The highest part, the “root” of the soul, resides right at God’s throne in the highest of the transcendental spiritual worlds. The lowest part of the soul resides in our physical bodies, down in the physical world. For this reason, the body is referred to in Kabbalistic literature as a “na’al” or shoe.
Just like most of the body resides above ground, and only the lowest part, the feet, reside in the shoes; so too most of the neshama resides above, and just the lowest part resides in its “shoe”: the body.
For this reason, when we reach transcendent levels of connection with God, we are commanded to remove our shoes. Moses was told by God to remove his shoes at the burning bush (Exodus/Shemos 3:5). The Kohanim/priests serve God in the Temple without shoes, and all visitors must remove their shoes when they enter the Temple Mount to connect to God. Prophets removed their shoes when speaking to God.

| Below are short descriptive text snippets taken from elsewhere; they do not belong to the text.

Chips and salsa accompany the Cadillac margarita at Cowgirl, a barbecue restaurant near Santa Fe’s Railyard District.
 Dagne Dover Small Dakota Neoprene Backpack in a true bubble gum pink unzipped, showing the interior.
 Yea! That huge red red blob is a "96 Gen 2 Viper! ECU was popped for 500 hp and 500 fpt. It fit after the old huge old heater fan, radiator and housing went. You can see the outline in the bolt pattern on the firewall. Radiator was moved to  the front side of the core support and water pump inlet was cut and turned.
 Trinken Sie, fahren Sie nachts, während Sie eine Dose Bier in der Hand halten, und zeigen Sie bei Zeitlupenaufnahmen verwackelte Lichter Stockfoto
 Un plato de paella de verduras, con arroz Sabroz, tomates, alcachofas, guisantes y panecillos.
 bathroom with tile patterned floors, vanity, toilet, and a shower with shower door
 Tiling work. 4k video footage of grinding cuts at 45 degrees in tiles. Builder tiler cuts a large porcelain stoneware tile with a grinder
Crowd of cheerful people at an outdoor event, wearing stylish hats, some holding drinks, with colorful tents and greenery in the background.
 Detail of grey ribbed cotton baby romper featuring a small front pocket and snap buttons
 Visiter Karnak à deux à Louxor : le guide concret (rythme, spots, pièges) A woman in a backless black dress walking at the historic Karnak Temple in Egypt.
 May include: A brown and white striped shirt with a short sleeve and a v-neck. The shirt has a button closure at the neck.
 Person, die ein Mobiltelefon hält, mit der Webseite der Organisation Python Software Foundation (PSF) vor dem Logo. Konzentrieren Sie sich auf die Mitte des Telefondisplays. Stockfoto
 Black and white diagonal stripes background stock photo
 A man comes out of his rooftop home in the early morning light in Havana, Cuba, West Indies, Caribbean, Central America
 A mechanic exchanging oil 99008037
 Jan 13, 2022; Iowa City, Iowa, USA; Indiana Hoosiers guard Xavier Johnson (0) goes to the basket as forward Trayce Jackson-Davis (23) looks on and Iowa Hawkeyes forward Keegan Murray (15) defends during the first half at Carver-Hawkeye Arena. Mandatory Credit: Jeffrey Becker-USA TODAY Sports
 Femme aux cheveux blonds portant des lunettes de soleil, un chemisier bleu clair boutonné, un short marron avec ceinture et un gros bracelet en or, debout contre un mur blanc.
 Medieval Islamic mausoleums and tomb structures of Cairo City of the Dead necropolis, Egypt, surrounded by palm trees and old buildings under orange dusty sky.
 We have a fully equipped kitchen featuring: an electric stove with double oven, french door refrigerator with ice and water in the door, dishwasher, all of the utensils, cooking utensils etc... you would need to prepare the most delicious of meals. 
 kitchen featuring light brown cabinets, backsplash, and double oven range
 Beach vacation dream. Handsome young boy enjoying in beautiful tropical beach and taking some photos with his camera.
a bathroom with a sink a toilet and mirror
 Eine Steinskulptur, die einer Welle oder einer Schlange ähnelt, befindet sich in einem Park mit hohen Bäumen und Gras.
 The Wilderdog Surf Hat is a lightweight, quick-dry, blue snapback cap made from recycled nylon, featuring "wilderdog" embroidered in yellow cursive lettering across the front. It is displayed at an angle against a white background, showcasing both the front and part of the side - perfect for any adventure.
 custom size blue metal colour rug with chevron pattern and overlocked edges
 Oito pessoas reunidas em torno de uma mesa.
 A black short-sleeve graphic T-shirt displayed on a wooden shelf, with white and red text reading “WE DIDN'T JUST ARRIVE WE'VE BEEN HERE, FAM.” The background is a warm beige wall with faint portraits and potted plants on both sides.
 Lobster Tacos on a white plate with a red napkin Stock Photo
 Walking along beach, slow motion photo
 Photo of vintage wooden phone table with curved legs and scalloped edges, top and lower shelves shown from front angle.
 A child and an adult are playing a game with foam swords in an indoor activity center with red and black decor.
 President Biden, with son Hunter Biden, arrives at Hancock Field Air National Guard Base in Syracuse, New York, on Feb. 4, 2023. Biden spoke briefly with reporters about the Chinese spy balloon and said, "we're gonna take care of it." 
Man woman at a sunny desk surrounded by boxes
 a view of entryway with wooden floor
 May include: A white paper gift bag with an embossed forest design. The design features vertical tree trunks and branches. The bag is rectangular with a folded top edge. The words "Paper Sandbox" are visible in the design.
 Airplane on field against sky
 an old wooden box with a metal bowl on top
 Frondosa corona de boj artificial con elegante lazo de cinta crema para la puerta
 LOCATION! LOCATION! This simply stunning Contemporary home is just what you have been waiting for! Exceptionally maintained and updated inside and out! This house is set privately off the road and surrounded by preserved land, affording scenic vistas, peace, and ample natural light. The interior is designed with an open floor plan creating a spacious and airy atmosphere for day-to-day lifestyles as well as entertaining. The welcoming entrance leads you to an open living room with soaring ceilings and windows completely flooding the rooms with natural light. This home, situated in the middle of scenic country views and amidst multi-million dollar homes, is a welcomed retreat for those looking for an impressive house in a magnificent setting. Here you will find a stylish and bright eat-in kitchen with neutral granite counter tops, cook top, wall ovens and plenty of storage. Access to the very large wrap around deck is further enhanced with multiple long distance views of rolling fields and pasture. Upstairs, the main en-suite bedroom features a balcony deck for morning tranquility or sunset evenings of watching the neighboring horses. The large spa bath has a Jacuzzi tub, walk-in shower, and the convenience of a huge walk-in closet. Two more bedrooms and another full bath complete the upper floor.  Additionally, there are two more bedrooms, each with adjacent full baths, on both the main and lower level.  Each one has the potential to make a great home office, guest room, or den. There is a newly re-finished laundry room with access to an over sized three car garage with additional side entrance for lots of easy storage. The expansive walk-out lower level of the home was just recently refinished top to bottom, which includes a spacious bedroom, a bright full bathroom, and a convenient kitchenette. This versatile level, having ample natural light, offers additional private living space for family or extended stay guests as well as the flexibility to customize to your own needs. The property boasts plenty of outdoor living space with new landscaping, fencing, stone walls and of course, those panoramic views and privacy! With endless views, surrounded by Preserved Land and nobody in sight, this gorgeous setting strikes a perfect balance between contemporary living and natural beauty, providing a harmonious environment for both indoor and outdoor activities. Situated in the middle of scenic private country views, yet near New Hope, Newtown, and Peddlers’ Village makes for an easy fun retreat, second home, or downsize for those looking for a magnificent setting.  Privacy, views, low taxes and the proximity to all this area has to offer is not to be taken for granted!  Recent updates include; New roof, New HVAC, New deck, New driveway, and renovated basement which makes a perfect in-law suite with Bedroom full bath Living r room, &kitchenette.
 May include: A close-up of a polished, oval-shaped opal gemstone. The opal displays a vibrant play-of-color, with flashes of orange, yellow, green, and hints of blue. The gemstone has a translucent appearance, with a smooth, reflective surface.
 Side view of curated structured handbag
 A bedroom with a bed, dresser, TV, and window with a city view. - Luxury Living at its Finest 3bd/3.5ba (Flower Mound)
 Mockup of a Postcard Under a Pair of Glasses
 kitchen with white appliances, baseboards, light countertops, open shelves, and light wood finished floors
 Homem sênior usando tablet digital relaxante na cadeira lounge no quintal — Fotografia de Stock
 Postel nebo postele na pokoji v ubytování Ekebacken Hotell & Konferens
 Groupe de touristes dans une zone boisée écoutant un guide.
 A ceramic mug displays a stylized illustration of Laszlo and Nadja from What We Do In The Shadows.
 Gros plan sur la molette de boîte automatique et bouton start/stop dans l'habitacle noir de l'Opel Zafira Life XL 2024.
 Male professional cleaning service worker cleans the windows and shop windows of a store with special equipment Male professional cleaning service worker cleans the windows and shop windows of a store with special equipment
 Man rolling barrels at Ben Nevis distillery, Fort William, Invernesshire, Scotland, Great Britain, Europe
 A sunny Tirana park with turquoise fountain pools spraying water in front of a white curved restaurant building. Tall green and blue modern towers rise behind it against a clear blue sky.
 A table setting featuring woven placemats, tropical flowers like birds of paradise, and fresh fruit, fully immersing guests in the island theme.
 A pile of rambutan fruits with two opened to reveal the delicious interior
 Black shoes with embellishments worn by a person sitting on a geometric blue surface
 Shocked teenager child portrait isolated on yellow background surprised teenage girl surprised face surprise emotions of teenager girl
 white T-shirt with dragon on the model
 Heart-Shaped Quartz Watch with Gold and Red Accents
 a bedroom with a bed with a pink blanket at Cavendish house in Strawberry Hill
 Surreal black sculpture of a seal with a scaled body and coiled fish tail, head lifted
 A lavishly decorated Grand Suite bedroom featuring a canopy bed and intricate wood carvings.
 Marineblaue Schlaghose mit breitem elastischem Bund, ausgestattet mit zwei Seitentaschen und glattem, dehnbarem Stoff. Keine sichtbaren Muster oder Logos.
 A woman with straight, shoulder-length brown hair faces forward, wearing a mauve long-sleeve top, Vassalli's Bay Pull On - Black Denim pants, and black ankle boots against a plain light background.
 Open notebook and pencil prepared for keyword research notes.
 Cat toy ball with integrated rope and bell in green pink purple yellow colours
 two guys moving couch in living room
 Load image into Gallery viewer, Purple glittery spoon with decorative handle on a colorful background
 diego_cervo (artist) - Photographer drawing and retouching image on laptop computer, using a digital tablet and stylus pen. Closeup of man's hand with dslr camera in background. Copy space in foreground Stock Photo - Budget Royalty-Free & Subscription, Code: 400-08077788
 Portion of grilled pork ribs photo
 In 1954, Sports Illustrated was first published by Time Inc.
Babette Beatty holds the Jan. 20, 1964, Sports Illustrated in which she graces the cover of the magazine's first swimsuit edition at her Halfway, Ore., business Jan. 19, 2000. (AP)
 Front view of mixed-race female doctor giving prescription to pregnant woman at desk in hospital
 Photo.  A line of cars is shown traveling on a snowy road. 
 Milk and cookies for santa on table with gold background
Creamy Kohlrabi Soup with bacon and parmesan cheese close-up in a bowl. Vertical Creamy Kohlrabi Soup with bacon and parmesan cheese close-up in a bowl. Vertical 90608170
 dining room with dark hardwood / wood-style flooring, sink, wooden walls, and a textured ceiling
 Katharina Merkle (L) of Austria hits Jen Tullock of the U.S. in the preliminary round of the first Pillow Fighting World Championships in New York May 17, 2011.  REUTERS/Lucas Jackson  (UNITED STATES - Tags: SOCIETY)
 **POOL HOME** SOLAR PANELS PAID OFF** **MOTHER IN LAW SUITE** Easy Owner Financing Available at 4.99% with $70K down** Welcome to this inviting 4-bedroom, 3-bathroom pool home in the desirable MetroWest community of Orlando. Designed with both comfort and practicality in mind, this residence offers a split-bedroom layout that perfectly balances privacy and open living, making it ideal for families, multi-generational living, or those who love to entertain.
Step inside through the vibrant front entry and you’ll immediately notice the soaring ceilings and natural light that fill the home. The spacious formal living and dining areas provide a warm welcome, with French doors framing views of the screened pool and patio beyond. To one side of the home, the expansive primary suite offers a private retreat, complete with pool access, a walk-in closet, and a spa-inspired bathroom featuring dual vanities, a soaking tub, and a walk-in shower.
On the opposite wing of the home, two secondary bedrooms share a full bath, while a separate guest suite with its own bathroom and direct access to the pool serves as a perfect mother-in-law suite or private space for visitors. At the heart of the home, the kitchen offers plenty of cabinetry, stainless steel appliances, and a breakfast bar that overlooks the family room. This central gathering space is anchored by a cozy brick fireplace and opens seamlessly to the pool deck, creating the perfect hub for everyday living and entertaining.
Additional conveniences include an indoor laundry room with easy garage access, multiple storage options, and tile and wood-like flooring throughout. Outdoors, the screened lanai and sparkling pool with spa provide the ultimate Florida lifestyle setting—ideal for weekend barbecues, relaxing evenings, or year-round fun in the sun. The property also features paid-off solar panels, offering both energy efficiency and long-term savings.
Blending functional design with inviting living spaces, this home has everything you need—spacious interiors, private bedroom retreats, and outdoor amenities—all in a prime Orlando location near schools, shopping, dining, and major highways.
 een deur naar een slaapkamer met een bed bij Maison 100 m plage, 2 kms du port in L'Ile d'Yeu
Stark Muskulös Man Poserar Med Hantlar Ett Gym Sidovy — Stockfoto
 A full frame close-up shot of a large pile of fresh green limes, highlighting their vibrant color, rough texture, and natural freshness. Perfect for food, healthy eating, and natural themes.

All Jews are commanded to remove their shoes on Yom Kippur, when the entire nation is elevated to be like angels connected to God on the highest level, as is outlined in the Code of Jewish Law. All these cases are situations where we transcend our bodies, our “shoes” and rise to higher levels.
At the time of death, the soul connects to God in such an intimate way that it can no longer stay in its physical body. For that reason, it leaves the body, shedding its “shoe” completely. The mourners, in order to commemorate that connection the soul of their loved one has attained, sit in a low place without their shoes. This is a reminder that all life comes to an end, but the end is also the beginning of an eternity.
I bless you with the traditional blessing: “May you be comforted among the other mourners of Zion and Jerusalem” and may you know many simchas in the future.
Rabbi Yerachmiel D. Fried, noted scholar and author of numerous works on Jewish law, philosophy and Talmud, is founder and dean of DATA, the Dallas Kollel, Questions can be sent to him at yfried@sbcglobal.net.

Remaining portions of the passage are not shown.